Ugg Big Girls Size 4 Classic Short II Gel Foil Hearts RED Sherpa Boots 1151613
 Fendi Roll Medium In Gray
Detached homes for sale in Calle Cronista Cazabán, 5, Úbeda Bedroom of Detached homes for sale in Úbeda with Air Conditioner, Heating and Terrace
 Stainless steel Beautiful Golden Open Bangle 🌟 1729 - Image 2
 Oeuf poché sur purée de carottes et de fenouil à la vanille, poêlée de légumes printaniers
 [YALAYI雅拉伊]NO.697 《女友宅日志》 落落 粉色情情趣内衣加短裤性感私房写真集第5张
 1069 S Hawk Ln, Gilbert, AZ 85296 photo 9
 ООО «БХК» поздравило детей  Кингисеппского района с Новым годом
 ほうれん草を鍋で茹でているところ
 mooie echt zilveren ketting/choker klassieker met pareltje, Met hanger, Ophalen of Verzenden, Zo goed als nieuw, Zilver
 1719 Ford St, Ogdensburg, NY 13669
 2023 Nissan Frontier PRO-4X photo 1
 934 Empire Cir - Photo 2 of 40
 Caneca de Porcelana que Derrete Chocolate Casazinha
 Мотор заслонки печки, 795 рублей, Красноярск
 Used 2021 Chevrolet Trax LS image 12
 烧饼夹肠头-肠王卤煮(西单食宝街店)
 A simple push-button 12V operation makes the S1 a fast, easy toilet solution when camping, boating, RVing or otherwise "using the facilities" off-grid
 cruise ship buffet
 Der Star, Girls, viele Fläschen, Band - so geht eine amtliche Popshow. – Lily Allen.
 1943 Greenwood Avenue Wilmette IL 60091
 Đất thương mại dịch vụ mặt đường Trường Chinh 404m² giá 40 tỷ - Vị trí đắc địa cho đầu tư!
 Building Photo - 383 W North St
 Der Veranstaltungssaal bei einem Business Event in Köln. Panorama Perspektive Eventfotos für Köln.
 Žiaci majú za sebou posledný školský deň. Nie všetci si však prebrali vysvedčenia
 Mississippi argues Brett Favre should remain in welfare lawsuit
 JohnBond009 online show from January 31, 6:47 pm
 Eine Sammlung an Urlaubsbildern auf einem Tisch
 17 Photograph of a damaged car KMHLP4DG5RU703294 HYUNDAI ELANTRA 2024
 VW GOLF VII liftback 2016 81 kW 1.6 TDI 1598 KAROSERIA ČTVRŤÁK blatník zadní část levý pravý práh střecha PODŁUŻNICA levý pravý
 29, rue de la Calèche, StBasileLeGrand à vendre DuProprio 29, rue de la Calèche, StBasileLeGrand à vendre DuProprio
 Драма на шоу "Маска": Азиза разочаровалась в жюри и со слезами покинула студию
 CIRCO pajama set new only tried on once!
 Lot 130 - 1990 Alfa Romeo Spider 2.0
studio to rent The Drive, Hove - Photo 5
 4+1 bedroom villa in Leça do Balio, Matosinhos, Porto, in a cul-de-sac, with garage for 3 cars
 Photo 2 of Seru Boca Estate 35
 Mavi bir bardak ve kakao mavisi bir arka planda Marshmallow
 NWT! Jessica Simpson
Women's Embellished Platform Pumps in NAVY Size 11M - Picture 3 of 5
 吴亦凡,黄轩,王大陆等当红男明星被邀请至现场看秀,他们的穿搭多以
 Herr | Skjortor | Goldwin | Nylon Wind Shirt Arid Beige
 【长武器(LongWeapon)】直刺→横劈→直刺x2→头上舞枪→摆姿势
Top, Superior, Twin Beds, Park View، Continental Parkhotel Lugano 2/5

- [Task details]:
From the records above, pull every line that carries the word "Girls".

- [Answer to this problem]:
Ugg Big Girls Size 4 Classic Short II Gel Foil Hearts RED Sherpa Boots 1151613
 Der Star, Girls, viele Fläschen, Band - so geht eine amtliche Popshow. – Lily Allen.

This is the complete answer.